Ideas in Movement: Addressing Tensions in Anthropology, a conference for postgraduates in anthropology, will be held at the University of Aberdeen, October 28-29, 2013. The new deadline for proposals is May 31.
The Scottish Training in Anthropological Research (STAR) is proud to announce the 2013 RAI Postgraduate conference at the University of Aberdeen. Established in 2006, STAR fosters collaborations between social anthropology staff and research students from the Universities of Aberdeen, Edinburgh, Glasgow and St Andrews. Plenary speakers are Tim Ingold and Rane Willerslev.
Today, confronted with a world that appears more dynamic and rapidly changing, anthropologists are questioning some fundamental conceptions, arguing from different and often contradictory perspectives. As a guiding concept for this conference we have chosen the role of tensions within the contemporary anthropological debate. Such tensions, flourishing all around the discipline, mark not only its conceptual history, but also its constant engagement with the constitutional concerns of our world. Among many, we might highlight tensions between the real and the imaginary, the fluid and the static, discourse and perception, nature and culture, purity and hybridity, the visible and invisible, ethnography and anthropology, discovery and construction, and so on.
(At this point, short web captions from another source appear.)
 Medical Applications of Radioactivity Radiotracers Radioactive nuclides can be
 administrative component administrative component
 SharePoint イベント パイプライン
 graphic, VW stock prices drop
Tensions have long been central to anthropological inquiries, and are still at the forefront of contemporary debates. As new ideas distance themselves from old ones, their resemblance seems paradoxical. Even as anthropologists bury the past trying to move beyond old tensions, they continually resurface in different forms. Having this in mind, important questions emerge: what does it mean to overcome old tensions? Do we really move beyond them? Are there alternatives to simply pushing against them? Moving away from naïve dualism and their simple dissolution, we invite postgraduate students and early career researchers from all sub-disciplines of anthropology and other related fields, to propose theoretical and ethnographic papers that engage with but by no means should be limited to some of these emerging and historical tensions.
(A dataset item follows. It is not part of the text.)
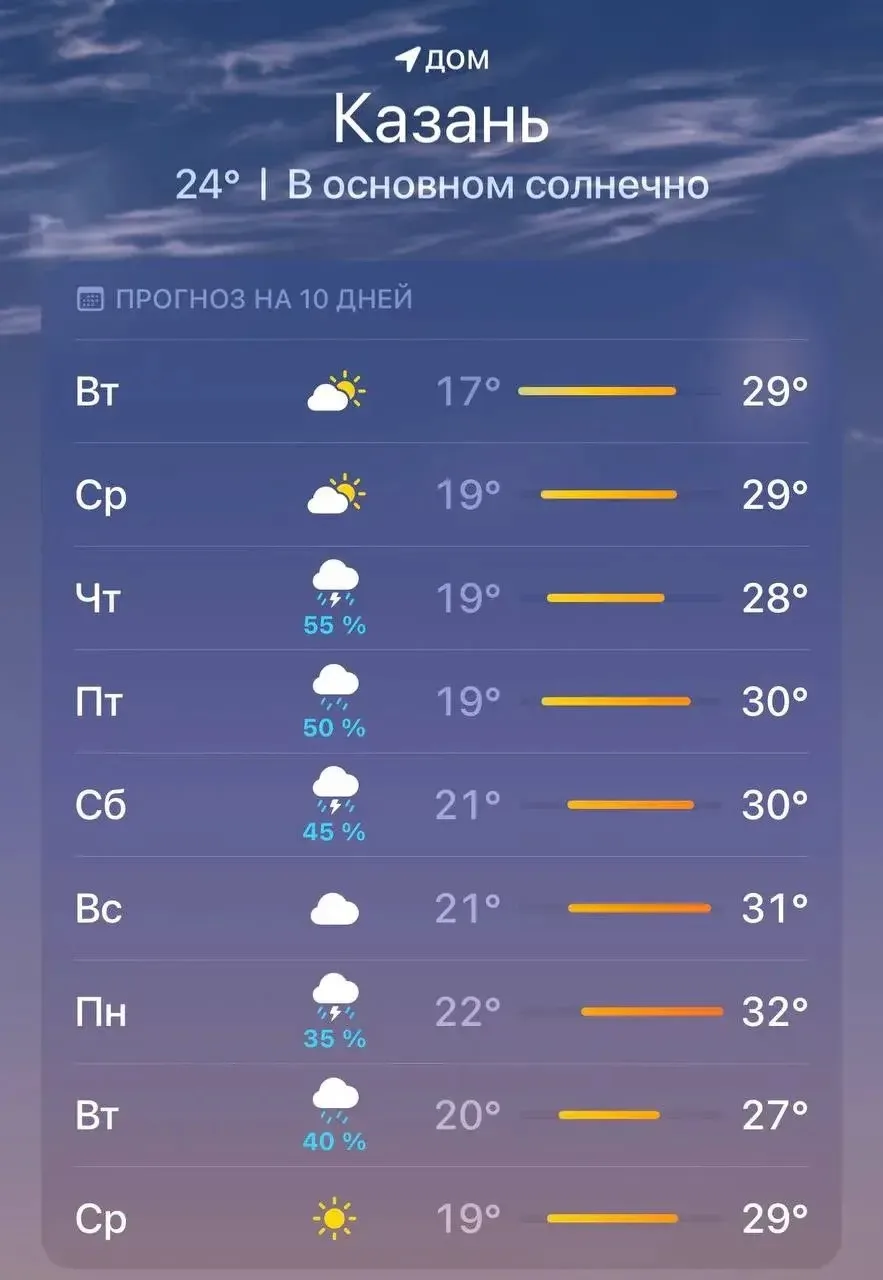 🥵 Жара в Казани задержится минимум на неделю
Paper abstracts should be submitted to *firstname.lastname@example.org*.
Submissions should include name, institution, a 300 characters short summary and a 250 words long abstract. Please include three or four keywords below the body of the abstract.
In order to showcase emerging anthropological research in Scotland, a selection of papers will be gathered in a panel at the ASA conference that will take place in Edinburgh in 2014, an event once again organized by the STAR consortium.